/ nicat-announces-changes-in-public-whois-system-for-at-domains

Mar 15

/ Press-Reports - 15.03.2018 08:40
nic.at announces changes in public WHOIS system for .at domains

The nic.at WHOIS database, the public register of all registered .at domains, currently contains details on the holders of and contact persons for .at domains, regardless of whether they are companies or private individuals. Under the EU General Data Protection Regulation (GDPR), nic.at will only publish legal persons’ data from mid-May 2018. Natural persons can still have their data published if they wish.

For decades, it has been standard practice in domain administration to display domain holders’ data in a public database called WHOIS. The domain holder is informed of this when registering the domain. nic.at’s terms and conditions (T&C) form the legal basis for publication. This practice will change when the GDPR comes into effect, explains the head of nic.at’s legal department Barbara Schlossbauer: “The GDPR defines special protection requirements for natural persons, so we will not publish their data any longer, although we still need to receive their details during the domain registration process.” The regulation is comes into force in mid-May 2018 and this will also lead to amendments in nic.at’s T&C and the registration guidelines for .at domains.

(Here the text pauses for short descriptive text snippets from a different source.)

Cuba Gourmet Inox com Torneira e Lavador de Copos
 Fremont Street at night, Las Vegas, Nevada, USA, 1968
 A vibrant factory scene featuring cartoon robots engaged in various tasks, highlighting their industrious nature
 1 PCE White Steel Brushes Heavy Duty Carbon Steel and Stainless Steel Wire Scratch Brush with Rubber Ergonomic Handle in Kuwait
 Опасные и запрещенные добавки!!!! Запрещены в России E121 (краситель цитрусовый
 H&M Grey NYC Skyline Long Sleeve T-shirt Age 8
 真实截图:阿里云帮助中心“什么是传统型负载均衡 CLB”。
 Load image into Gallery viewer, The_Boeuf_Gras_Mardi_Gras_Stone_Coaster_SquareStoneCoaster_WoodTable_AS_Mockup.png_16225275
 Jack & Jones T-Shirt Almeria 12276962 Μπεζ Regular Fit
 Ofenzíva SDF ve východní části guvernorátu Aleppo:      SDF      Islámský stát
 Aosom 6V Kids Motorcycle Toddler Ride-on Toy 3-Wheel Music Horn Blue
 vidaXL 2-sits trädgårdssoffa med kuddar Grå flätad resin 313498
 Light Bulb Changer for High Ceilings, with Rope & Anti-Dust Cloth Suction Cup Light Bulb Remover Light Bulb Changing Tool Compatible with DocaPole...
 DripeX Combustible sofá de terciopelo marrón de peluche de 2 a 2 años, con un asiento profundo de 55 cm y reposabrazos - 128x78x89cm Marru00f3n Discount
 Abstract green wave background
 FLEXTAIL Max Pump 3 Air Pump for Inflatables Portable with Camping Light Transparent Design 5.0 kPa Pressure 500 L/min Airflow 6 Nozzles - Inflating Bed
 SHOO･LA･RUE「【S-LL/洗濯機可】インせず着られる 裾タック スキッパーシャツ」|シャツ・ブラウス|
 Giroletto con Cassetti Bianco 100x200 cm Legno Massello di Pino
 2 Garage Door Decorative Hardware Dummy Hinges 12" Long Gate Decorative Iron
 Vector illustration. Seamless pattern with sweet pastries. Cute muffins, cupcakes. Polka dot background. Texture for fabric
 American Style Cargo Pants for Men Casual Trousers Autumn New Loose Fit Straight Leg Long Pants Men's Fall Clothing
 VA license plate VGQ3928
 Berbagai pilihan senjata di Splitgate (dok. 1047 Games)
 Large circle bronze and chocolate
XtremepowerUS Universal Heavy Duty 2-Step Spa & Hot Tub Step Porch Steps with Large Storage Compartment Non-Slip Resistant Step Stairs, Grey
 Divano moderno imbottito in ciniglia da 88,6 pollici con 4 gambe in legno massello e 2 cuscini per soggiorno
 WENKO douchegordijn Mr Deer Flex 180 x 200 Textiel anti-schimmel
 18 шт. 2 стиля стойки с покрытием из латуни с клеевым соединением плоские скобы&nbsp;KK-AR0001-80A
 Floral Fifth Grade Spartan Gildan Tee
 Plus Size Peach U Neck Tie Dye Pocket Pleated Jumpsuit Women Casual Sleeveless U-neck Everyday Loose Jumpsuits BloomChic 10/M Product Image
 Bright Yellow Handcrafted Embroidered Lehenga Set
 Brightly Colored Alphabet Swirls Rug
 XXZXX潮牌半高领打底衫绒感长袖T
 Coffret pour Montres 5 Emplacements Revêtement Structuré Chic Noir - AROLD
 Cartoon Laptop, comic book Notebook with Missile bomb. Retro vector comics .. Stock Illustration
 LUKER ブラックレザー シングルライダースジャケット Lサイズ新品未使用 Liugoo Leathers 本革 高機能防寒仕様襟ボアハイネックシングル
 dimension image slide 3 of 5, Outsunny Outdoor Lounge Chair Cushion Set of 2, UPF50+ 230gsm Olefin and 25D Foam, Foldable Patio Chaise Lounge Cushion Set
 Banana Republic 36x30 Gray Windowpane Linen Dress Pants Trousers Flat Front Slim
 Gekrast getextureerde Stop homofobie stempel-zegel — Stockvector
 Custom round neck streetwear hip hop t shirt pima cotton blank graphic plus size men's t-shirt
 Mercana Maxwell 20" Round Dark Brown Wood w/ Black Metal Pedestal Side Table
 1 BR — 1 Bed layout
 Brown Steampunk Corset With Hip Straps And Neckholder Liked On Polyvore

New WHOIS format effective from mid-May

In future the data shown for domains owned by natural persons will only include the domain name, the registrar responsible and necessary technical information. If a company or organisation owns the domain, the holder’s name and address will still be published, although contact data like e-mail address, telephone and fax number can be hidden upon request. The registrar submits information on whether a domain is held by a natural or legal person when registering the domain. If a private individual requests that their data be displayed, the registrar can also arrange this. “There will certainly be a lot of cases where people will definitely want to show that a real, trustworthy person is responsible for a particular website,” explains Schlossbauer.

Information on private domain holders only for legally justified reasons

Until now, domain holders’ data have been publicly accessible at www.nic.at. From mid-May, this will no longer be possible. “In future, natural persons’ domain data will only be accessible to people who identify themselves and have a legitimate legal reason for finding out who the domain holder is,” Schlossbauer points out. This includes law enforcement agencies, lawyers or people who contact nic.at following domain disputes and can prove that their rights have been infringed.

No changes in domain availability check

The adaptations in the WHOIS policy will not affect the public domain availability check, explains Schlossbauer: “When it comes to obtaining accurate information on whether a .at, .co.at or .or.at domain is still available, nic.at will remain the first point of contact for reliable availability checks.”